Hey Ownit and bttrfly! Just saw your replies...thank you for being here. I promise to get out of my "me" zone after this week o'finals.

Not getting any hopes up with XH...it wrecks me. I am interested somewhat in his journey because I still love him and because he really is trying so hard to figure things out. As am I. As are my daughters. As are we all. I don't know where its going and thinking too hard brings me down pretty low. There is a lot separating us for now and in the future...even if he suddenly decides to follow the Disney movie idea of love and realizes he just can't live without me. Right now...he's all right, I guess. Lonely for a companion who can bring him his vision of happiness, saddened and stressed about life, but still...I think... ok.

It is interesting learning so much about psychological theories and therapeutic techniques...much more in depth than my undergrad classes. Then again, we start seeing clients (with a ton of supervision) in the winter. Trial by fire!

Its hard to get through a paragraph without relating it to someone or something in life. The fun of going to school at 50...its all so relevant at this time, where as a twenty something I couldn't have related to much of it except in theory.

We create our unique perceptions of the world starting with our earliest experiences...no wonder our childhoods have so much to do with how we view our world. I had a decent childhood with almost no strife; XH had a childhood of pretending to the world (and being told to) that all was well, while behind closed doors it was full of fighting and control games. Why wouldn't he run from problems or try to pretend them away? Its what he was taught. His father is only now starting to admit that his wife has Alzheimer's...she has no ability to do even the most simple tasks now, according to XH.And still his father is trying to control the situation. He's booked a cruise for six months from now...but he is bringing their caregiver.

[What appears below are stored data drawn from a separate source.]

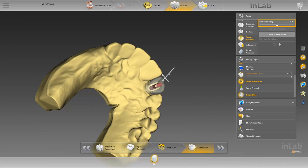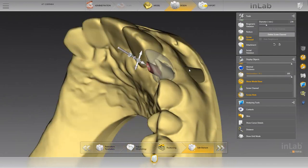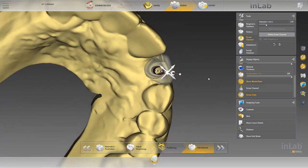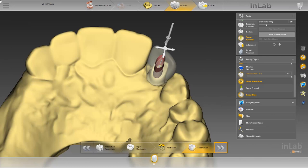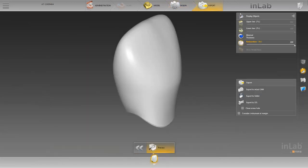Additionally, the diameter of the screw channel can be optimally modified by moving the slide control. Next, you see the 3D model with already adjusted position and diameter of the screw channel. Clicking the double arrow moves us to the export phase. At this point, we take another look at our restoration from different angles and could start the production of the restoration thereafter.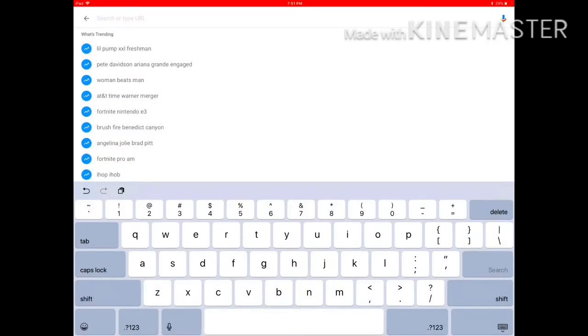Hi guys, welcome back to my channel. Today I'll be showing you how to watch WWE for free.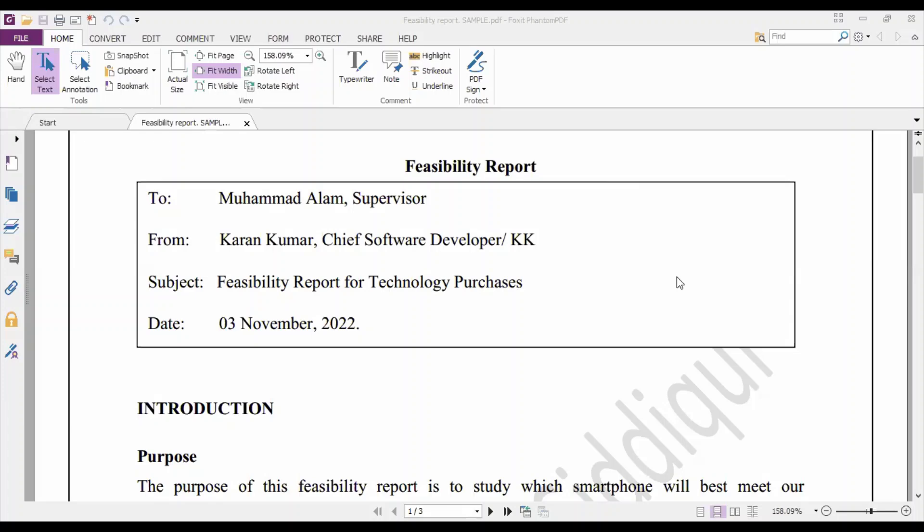In this video I'm going to talk about the feasibility report. The most important thing is that in different contexts, different types of feasibility reports are written and the formats may also differ. This is just one format that I'm sharing with you so you can further build on your understanding. The first thing is that you give a heading — Feasibility Report — right in the center.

So many parallels; so many connections. Yes, bttrfly. XH had the 2.0 Bubbles; his dad had 1.0. Of course that would seem "normal". So did screaming at people when you were really angry and panicking before every trip because you are stil afraid of the "consequences" of doing something the wrong way or not thoroughly enough. Voicing an alternative opinion, disagreeing, or god forbid, wanting to do something else...personal affronts. I remember before bomb drop as XH was in a panic that a) I put my foot down that D26 would would be married in our back yard against his wishes (she had gotten a tattoo and he was angry), b)that she and fiancee had planned a beautiful and creative wedding and he had no control or input over any of it (his wishes, but he WANTED TO DO IT), and c) in dealing with his dad, who was in the most controlling, panicky, out of control state while up for the wedding, HE RECOGNIZED THAT VERY THING IN HIMSELF...and was horrified. Truly horrified.

I believe he really felt he was doing me a favor by leaving. As he said, "you don't really like me; you just haven't wrapped your head around it".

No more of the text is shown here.